2019-10-31 01:07:54

by Rasmus Villemoes

[permalink] [raw]
Subject: [RFC PATCH 0/5] powerpc: make iowrite32be etc. inline

When trying to make the QUICC Engine drivers compile on arm, I
mechanically (with coccinelle) changed out_be32() to iowrite32be()
etc. Christophe pointed out [1][2] that that would pessimize the
powerpc SOCs since the IO accesses now incur a function call
overhead. He asked that I try to make those io accessors inline on
ppc, and this is the best I could come up with.

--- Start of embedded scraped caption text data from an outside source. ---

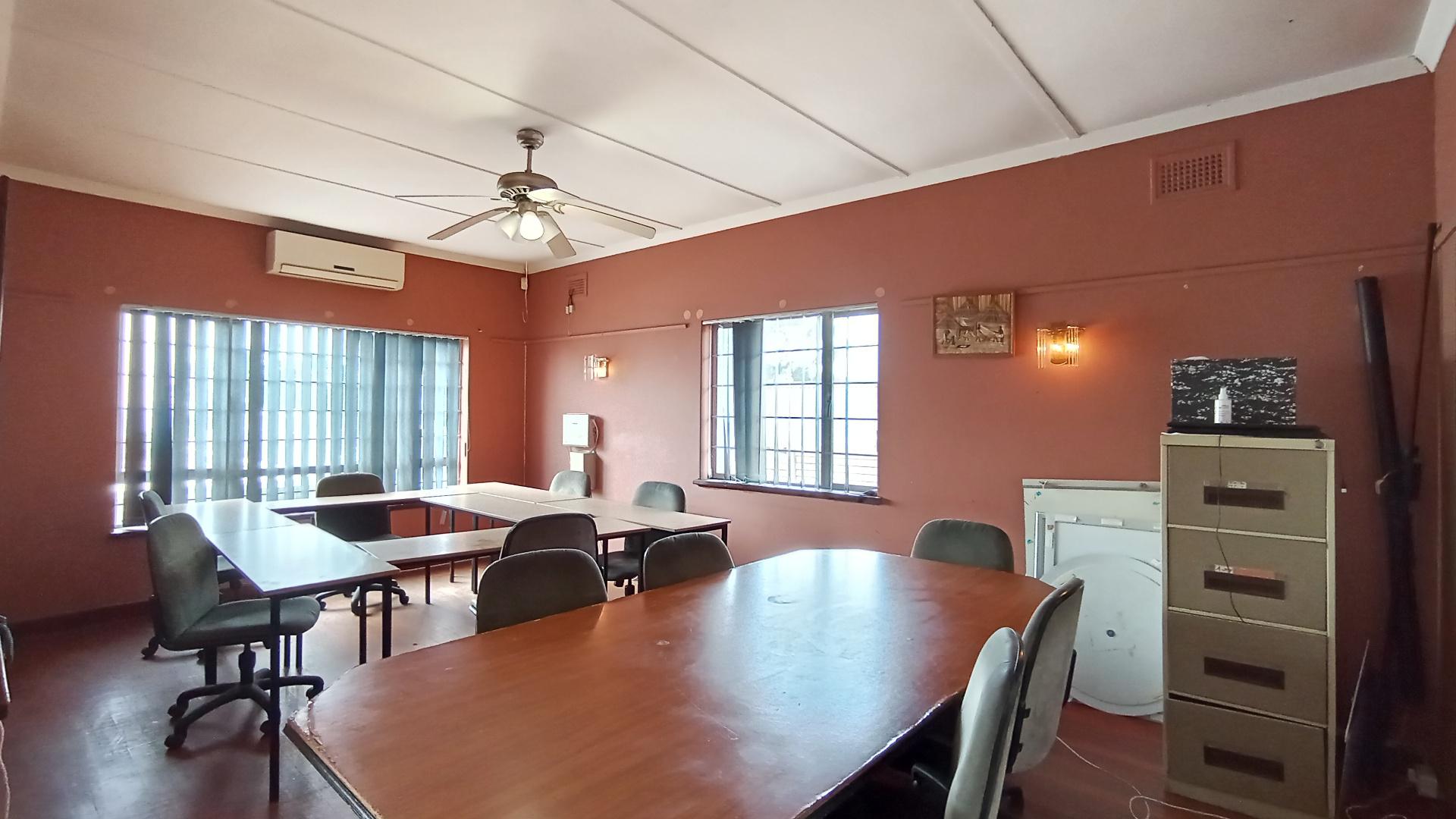 Lounges - 28 square meters of property in Montclair (Dbn)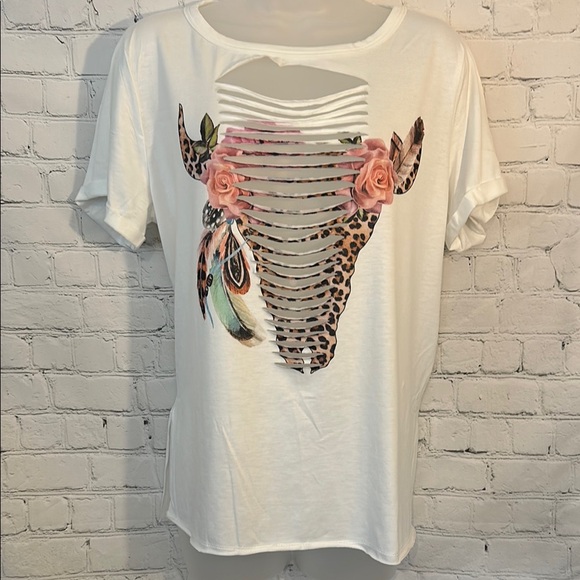 phil love Tops - Phil Love White Southwestern Graphic Cut-Out Women's Top
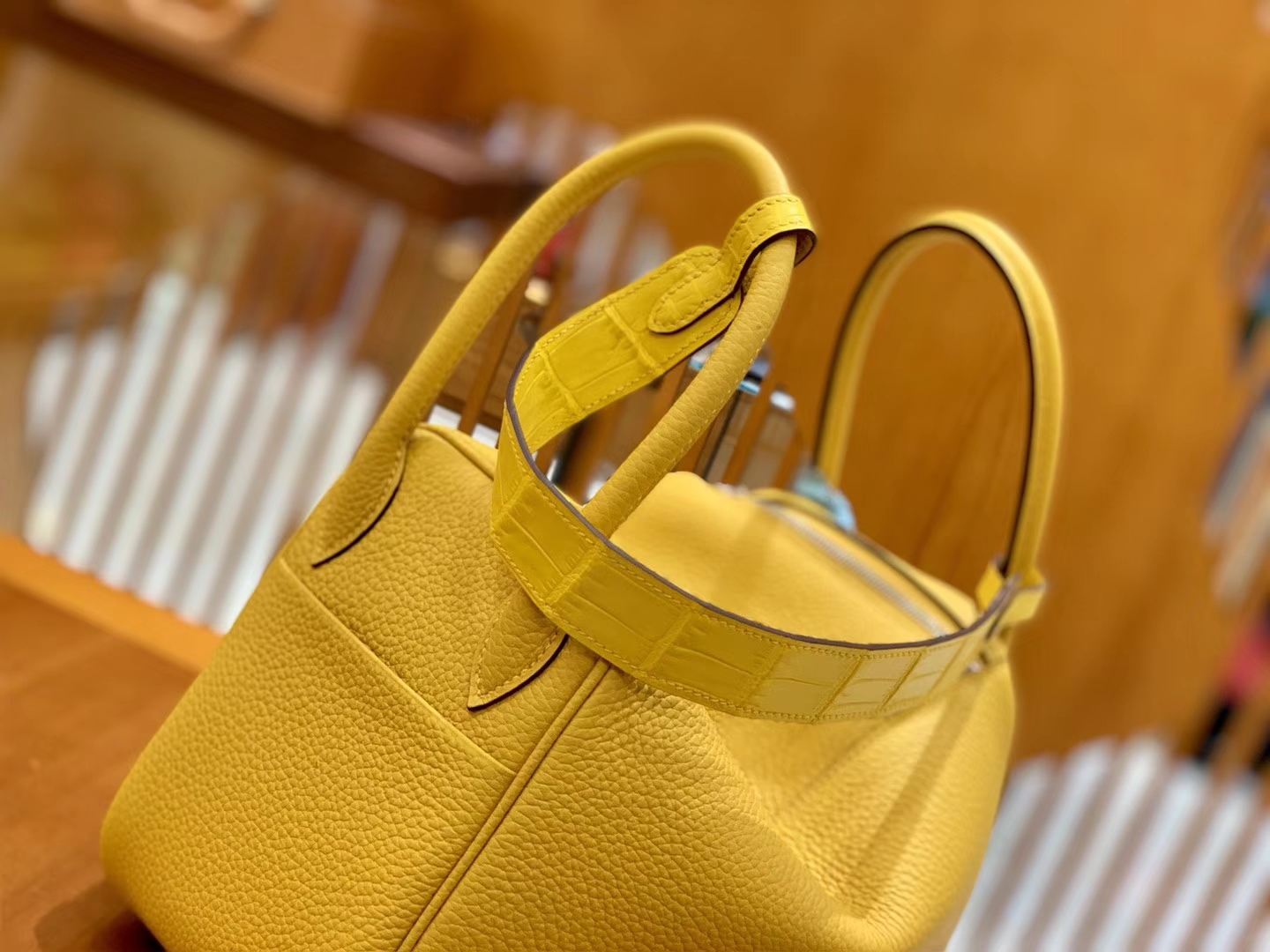 Hermès（爱马仕）Lindy 26cm 那不勒斯黄 银扣 鳄鱼皮拼togo 全手工缝制
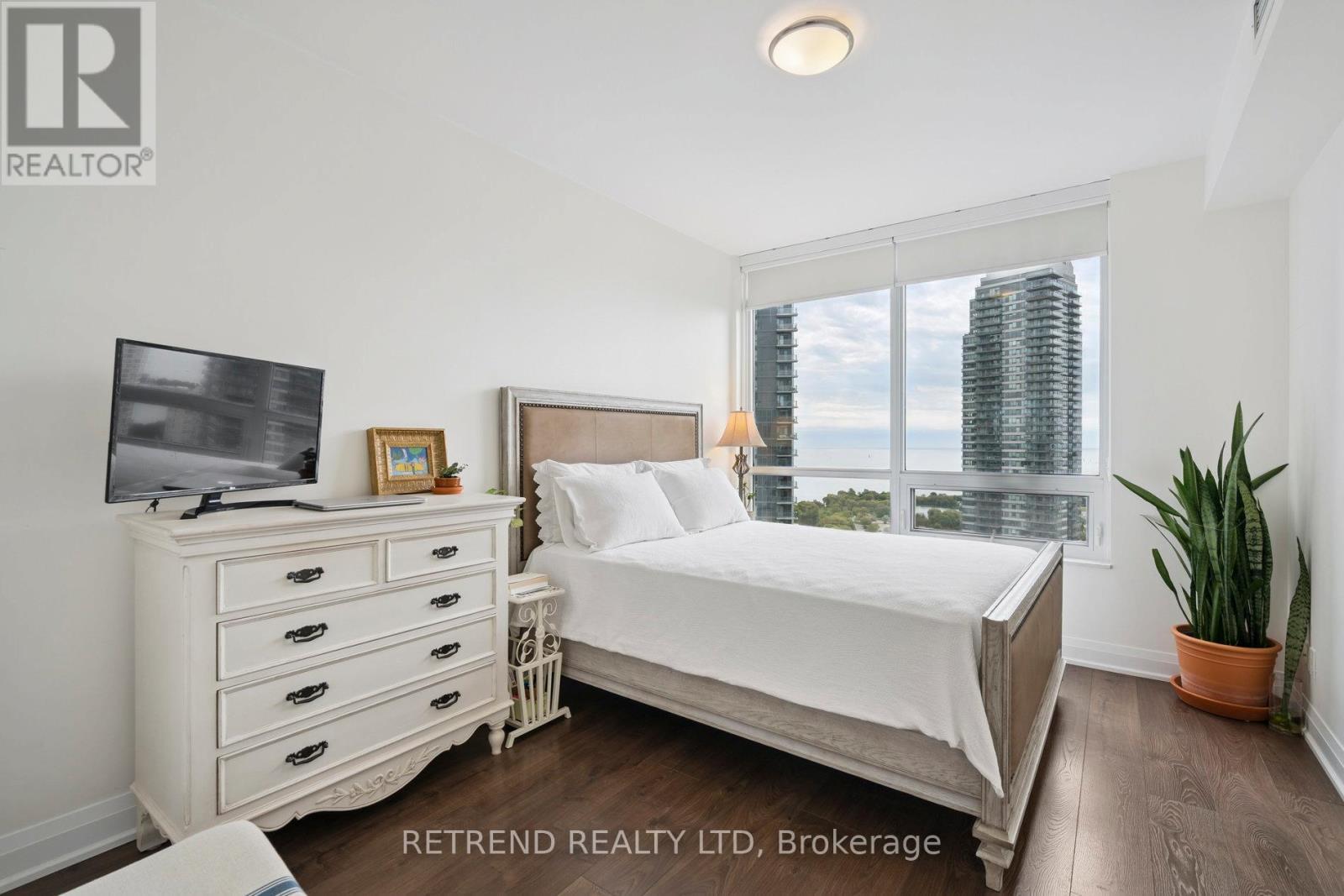 2403 - 36 Park Lawn Road, Toronto, ON - Indoor Photo Showing Bedroom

At first I tried something that wouldn't need to touch anything
outside arch/powerpc/, but I ended up with conditional inclusion of
asm-generic headers and/or duplicating a lot of their contents.

The diffstat may become a little better if kernel/iomap.c can indeed
be removed (due to !CONFIG_PPC_INDIRECT_PIO &&
CONFIG_PPC_INDIRECT_MMIO never happening).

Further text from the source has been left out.